### EXERCISE
Repeat each entry in the data, exactly.

(INPUT DATA Opens)

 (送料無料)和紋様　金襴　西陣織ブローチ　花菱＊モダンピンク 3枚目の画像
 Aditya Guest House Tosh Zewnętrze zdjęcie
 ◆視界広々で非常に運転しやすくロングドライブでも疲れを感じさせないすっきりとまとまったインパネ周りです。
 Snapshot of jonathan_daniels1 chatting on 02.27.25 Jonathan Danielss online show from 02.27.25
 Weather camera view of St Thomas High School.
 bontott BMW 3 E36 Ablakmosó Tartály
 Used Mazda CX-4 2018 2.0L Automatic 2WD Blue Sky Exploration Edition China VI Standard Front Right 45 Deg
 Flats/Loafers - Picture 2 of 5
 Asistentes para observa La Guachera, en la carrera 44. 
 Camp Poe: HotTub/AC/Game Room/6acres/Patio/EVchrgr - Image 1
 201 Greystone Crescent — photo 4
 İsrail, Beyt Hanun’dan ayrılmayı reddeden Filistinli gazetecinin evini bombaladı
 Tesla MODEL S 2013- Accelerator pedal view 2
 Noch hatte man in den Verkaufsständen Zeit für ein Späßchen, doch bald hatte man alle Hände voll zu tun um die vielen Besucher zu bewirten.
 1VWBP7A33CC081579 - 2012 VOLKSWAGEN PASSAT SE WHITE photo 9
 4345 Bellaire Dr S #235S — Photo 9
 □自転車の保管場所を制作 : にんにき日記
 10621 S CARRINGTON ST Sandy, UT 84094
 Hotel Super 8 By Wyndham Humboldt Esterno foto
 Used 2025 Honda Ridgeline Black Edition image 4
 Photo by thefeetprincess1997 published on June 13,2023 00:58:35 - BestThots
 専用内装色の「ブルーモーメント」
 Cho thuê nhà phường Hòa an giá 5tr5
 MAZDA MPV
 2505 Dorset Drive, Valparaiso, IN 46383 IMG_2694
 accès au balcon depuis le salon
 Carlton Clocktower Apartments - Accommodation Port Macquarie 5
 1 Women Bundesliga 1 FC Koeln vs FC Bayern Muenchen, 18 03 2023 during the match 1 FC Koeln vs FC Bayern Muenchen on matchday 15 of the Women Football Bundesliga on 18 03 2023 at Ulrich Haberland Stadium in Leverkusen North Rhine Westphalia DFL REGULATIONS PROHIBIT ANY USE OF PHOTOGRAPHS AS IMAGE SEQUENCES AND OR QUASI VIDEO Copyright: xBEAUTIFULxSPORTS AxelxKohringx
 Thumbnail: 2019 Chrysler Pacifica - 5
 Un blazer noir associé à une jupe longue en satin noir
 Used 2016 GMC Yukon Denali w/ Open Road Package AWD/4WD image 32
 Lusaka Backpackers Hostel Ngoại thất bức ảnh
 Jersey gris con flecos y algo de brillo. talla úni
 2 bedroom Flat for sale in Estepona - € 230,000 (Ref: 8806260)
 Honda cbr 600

(INPUT DATA Closes)

### YOUR SOLUTION
 (送料無料)和紋様　金襴　西陣織ブローチ　花菱＊モダンピンク 3枚目の画像
 Aditya Guest House Tosh Zewnętrze zdjęcie
 ◆視界広々で非常に運転しやすくロングドライブでも疲れを感じさせないすっきりとまとまったインパネ周りです。
 Snapshot of jonathan_daniels1 chatting on 02.27.25 Jonathan Danielss online show from 02.27.25
 Weather camera view of St Thomas High School.
 bontott BMW 3 E36 Ablakmosó Tartály
 Used Mazda CX-4 2018 2.0L Automatic 2WD Blue Sky Exploration Edition China VI Standard Front Right 45 Deg
 Flats/Loafers - Picture 2 of 5
 Asistentes para observa La Guachera, en la carrera 44. 
 Camp Poe: HotTub/AC/Game Room/6acres/Patio/EVchrgr - Image 1
 201 Greystone Crescent — photo 4
 İsrail, Beyt Hanun’dan ayrılmayı reddeden Filistinli gazetecinin evini bombaladı
 Tesla MODEL S 2013- Accelerator pedal view 2
 Noch hatte man in den Verkaufsständen Zeit für ein Späßchen, doch bald hatte man alle Hände voll zu tun um die vielen Besucher zu bewirten.
 1VWBP7A33CC081579 - 2012 VOLKSWAGEN PASSAT SE WHITE photo 9
 4345 Bellaire Dr S #235S — Photo 9
 □自転車の保管場所を制作 : にんにき日記
 10621 S CARRINGTON ST Sandy, UT 84094
 Hotel Super 8 By Wyndham Humboldt Esterno foto
 Used 2025 Honda Ridgeline Black Edition image 4
 Photo by thefeetprincess1997 published on June 13,2023 00:58:35 - BestThots
 専用内装色の「ブルーモーメント」
 Cho thuê nhà phường Hòa an giá 5tr5
 MAZDA MPV
 2505 Dorset Drive, Valparaiso, IN 46383 IMG_2694
 accès au balcon depuis le salon
 Carlton Clocktower Apartments - Accommodation Port Macquarie 5
 1 Women Bundesliga 1 FC Koeln vs FC Bayern Muenchen, 18 03 2023 during the match 1 FC Koeln vs FC Bayern Muenchen on matchday 15 of the Women Football Bundesliga on 18 03 2023 at Ulrich Haberland Stadium in Leverkusen North Rhine Westphalia DFL REGULATIONS PROHIBIT ANY USE OF PHOTOGRAPHS AS IMAGE SEQUENCES AND OR QUASI VIDEO Copyright: xBEAUTIFULxSPORTS AxelxKohringx
 Thumbnail: 2019 Chrysler Pacifica - 5
 Un blazer noir associé à une jupe longue en satin noir
 Used 2016 GMC Yukon Denali w/ Open Road Package AWD/4WD image 32
 Lusaka Backpackers Hostel Ngoại thất bức ảnh
 Jersey gris con flecos y algo de brillo. talla úni
 2 bedroom Flat for sale in Estepona - € 230,000 (Ref: 8806260)
 Honda cbr 600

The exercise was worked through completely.